Dans une lettre ouverte au procureur de la République, un collectif constitué d'avocats, de syndicats et des organisations professionnelles s'est élevé contre les auditions de journalistes ayant travaillé sur les ventes d'armes à l'Arabie Saoudite et aux Emirats arabes unis.
"Nous écrivons en qualité d’avocats, d’organisations professionnelles et de syndicats, pour vous demander solennellement de mettre un terme à la procédure ayant conduit d’ores et déjà à l’audition des journalistes pour une supposée violation du +secret-défense+ concernant la vente par la France d’armements utilisés au Yémen", ont-ils souligné, qualifiant ces convocations par la DGSI d'"ingérence" dans leur mission d'informer.
Le collectif a rappelé que le droit à la liberté d’expression, tel qu’il résulte de l’article 10 de la Convention européenne des droits de l’Homme, "comprend la liberté de recevoir ou de communiquer des informations ou des idées sans qu'il puisse y avoir ingérence d'autorités publiques", soutenant que cette "ingérence" est "manifestement caractérisée" lorsque des journalistes sont entendus alors qu’ils se bornent à exercer leur mission d’informer et qu’ils concourent au droit d’accès à l’information sur un débat d’intérêt général.
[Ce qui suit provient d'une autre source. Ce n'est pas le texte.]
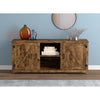 Safdie & Co TV Stand - 58" Long Brown Reclaimed Wood with 2 Closed Doors and 2 Shelves for Living Room - - Mounts For Less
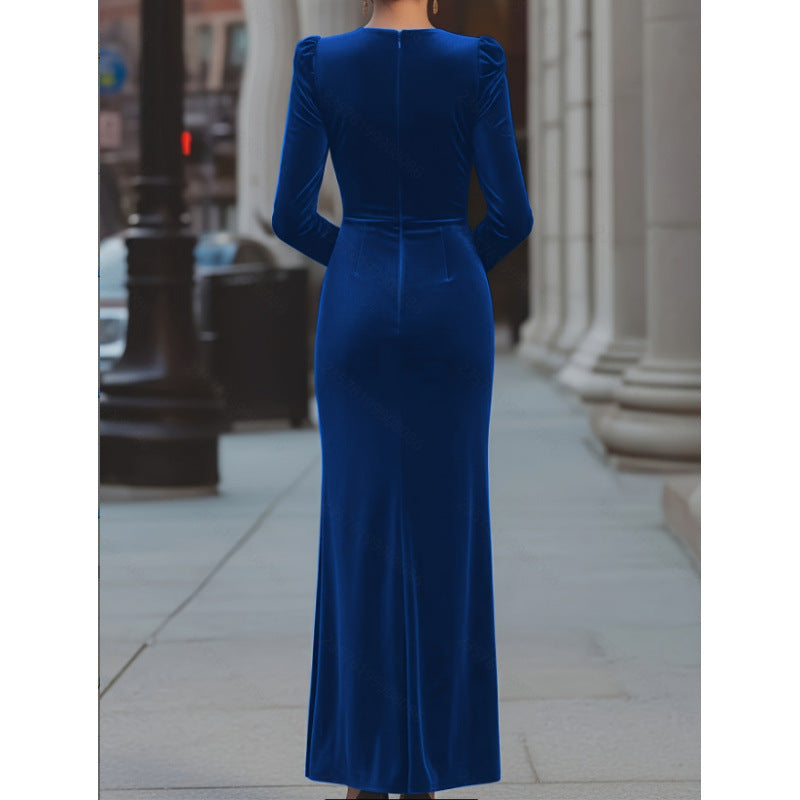 Sapphire Velvet Wrap-Front Slit Gown 4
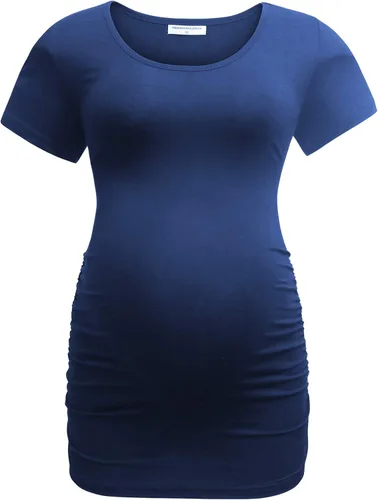 Miniatura 3 de Bearsland - 3 Camisetas de maternidad para mujer camisetas clásicas de manga corta con lateral fruncido para madres ropa de embarazo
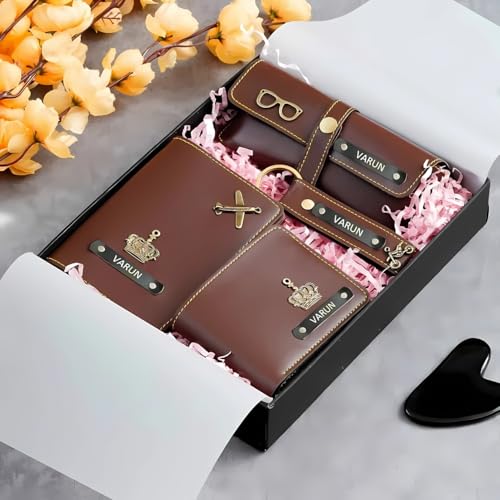 Image of Thebaegift Personalized 5 Pcs Gift Set for Men | Customised Birthday Gift for Men, Brother, Father, Husband with Name Engrave | Customized Gift Hamper for Man Unique Birthday Anniversary Gift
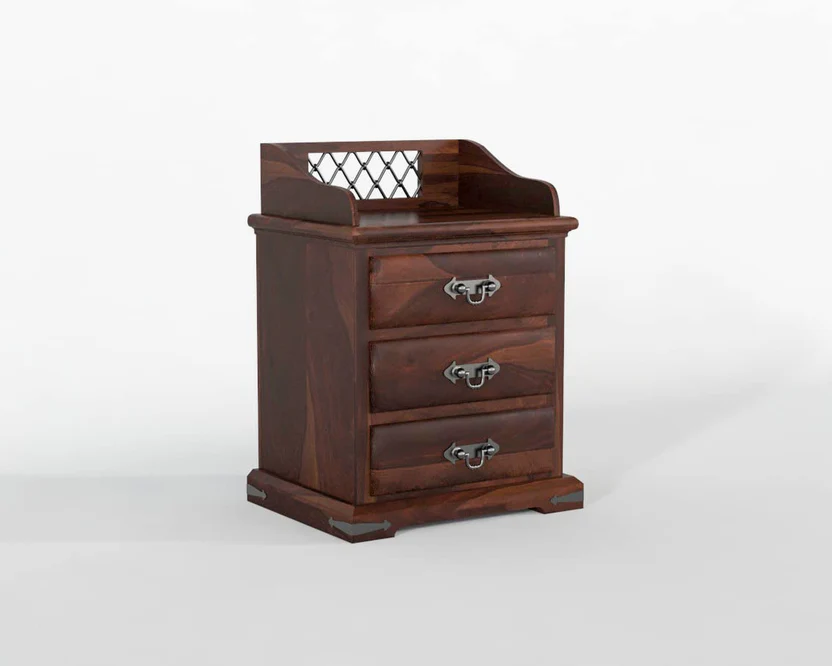 Royal sheesham bedside table with metal legs design - Image 5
"C’est incontestablement le cas s’agissant des journalistes qui réalisent des investigations sur la fourniture et l’usage d’armes françaises au Yémen", a-t-il précisé, notant que les auditions des journalistes sont perçues comme une "initiative susceptible de brider la liberté d’information".
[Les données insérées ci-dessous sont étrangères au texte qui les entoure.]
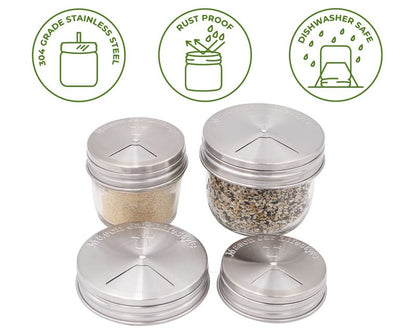 Mason Jar Lifestyle Adjustable Spice Shaker Lids for Regular Mouth Mason Jars – 4 Pack Stainless Steel Tops with Shaker and Pour Options – Seasoning Dispenser Lids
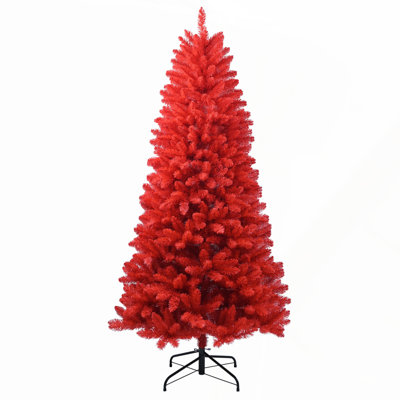 6FT Pure Red PVC Christmas Tree with 804 Tips, Hinged Branches, and Metal Stand for Bold and Modern Holiday Decor
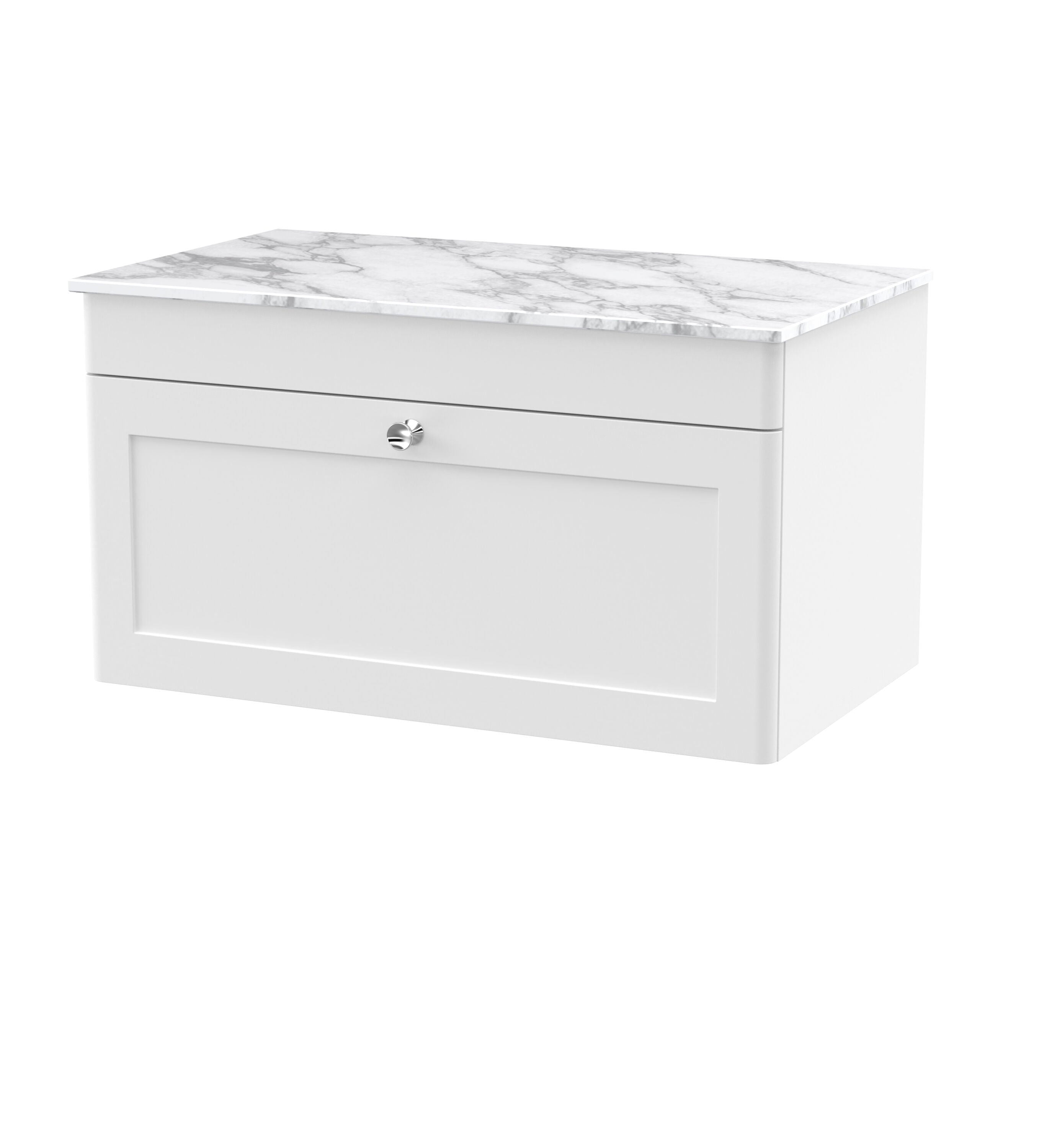 nuie Classique 800mm Satin White 1 Drawer Wall Hung Vanity Unit With Carrara Marble Worktop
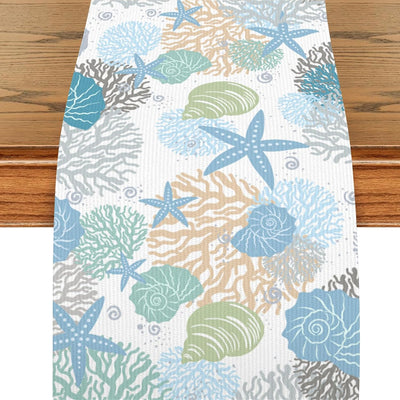 Camino de mesa náutico costero color azul y verde con tema de playa para cocina y comedor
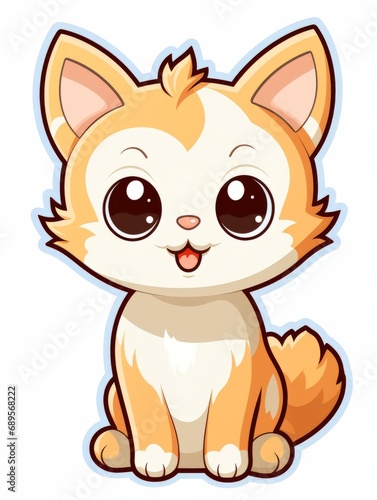 Funny Kitten sticker in cartoon style, AI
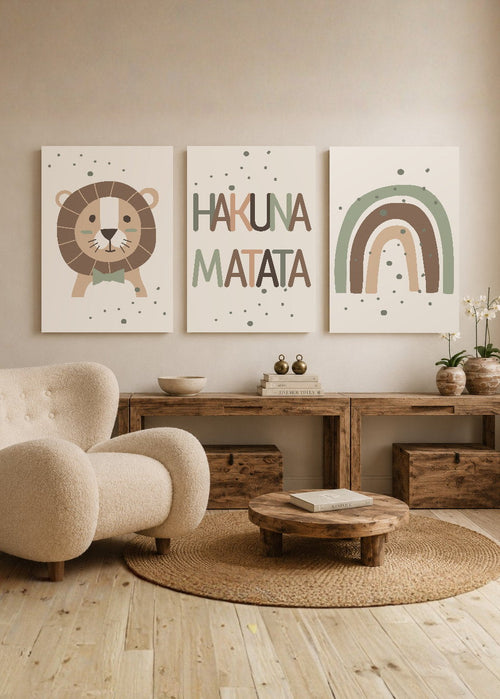 Set x3 Cuadros Decorativos Mural Sin Marco 5mm - kids, infantil, arcoiris, león, hakuna matata.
Pour le collectif, "le fait que la DGSI, service administratif avec des fonctions de police judiciaire, interroge des journalistes est par nature susceptible de porter atteinte au secret des sources, qui est pourtant la garantie de la liberté de la presse, condition indispensable de la démocratie", soulignant qu'il incombe au pouvoir exécutif de "décider ou non de classifier des informations".
"C’est dans ces conditions que nous vous demandons de mettre un terme aux auditions et éventuelles poursuites contre les journalistes en cause", a-t-il déclaré dans sa lettre ouverte, dont une copie a été adressée au président Emmanuel Macron, au secrétaire général du Conseil de l’Europe, au Haut-Commissaire aux droits de l’Homme des Nations unies et au rapporteur spécial sur la promotion et la protection du droit à la liberté d'opinion et d'expression de l’ONU.
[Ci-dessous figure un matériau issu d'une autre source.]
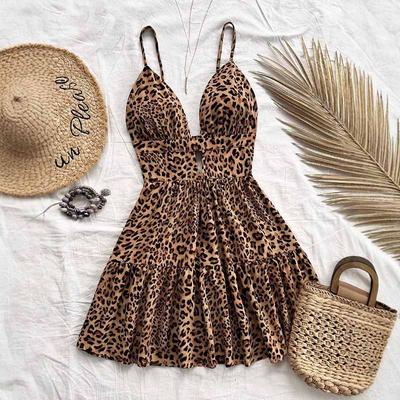 Halter Dress Summer Leopard Sexy Backless Vacation Seaside Beach Hollow Out Dresses
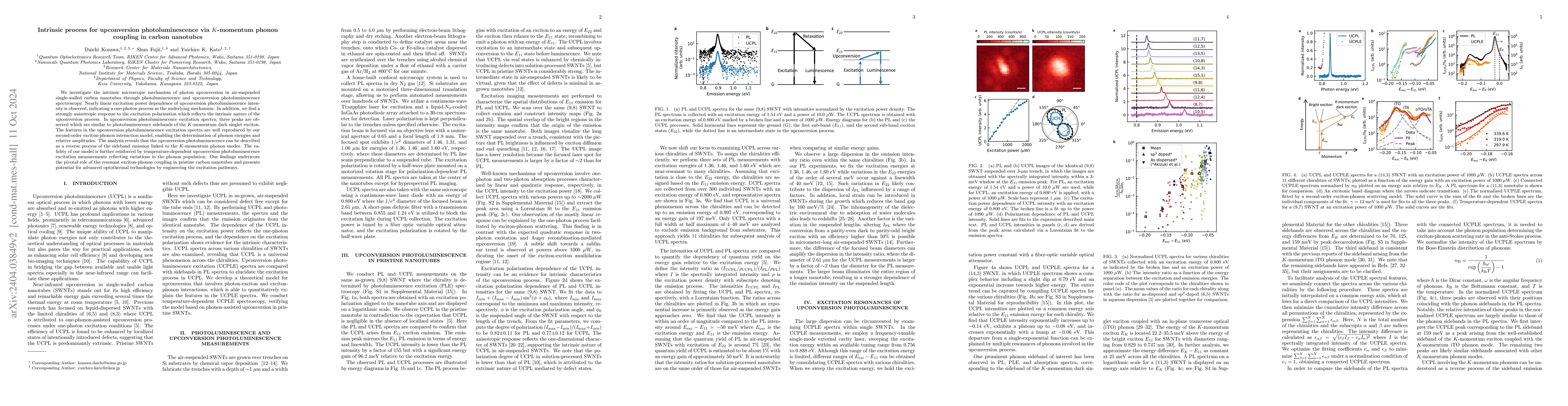 Thumbnail for Intrinsic process for upconversion photoluminescence via $K$-momentum
  phonon coupling in carbon nanotubes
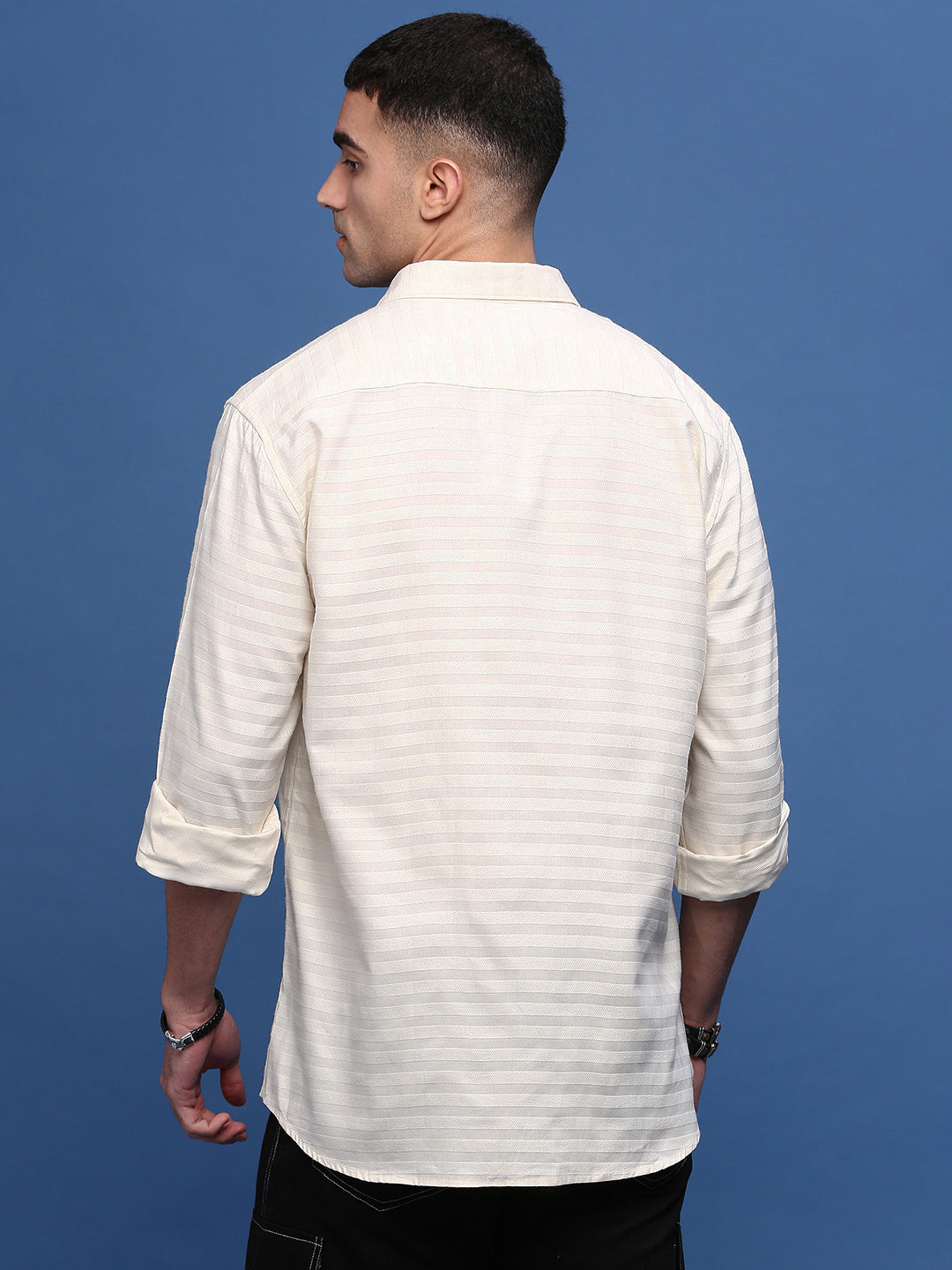 Cream Striped Slim Fit Cotton Mens Shirt | Printed Shirt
Dans un communiqué, Reporters sans frontières (RSF) a dénoncé les convocations de journalistes par la DGSI les qualifiant de "stratégie d'intimidation" des médias.
"Huit convocations de professionnels des médias par la DGSI en quelques semaines, une stratégie d’intimidation des médias semble à l’úuvre dans les services de la sécurité intérieure", a indiqué cette ONG qui défend le libre exercice du métier de journaliste.
Le secrétaire général de RSF, Christophe Deloire, a déclaré à cet effet qu'"il faut craindre qu’avec ces convocations les autorités cherchent à intimider les journalistes et leurs rédactions et à identifier leurs sources de manière à les sanctionner ou à les dissuader".
Mercredi, un rassemblement à l’initiative du Syndicat national des journalistes (SNJ-CGT) s’est tenu pas loin du siège de la DGSI à Paris, signale-t-on.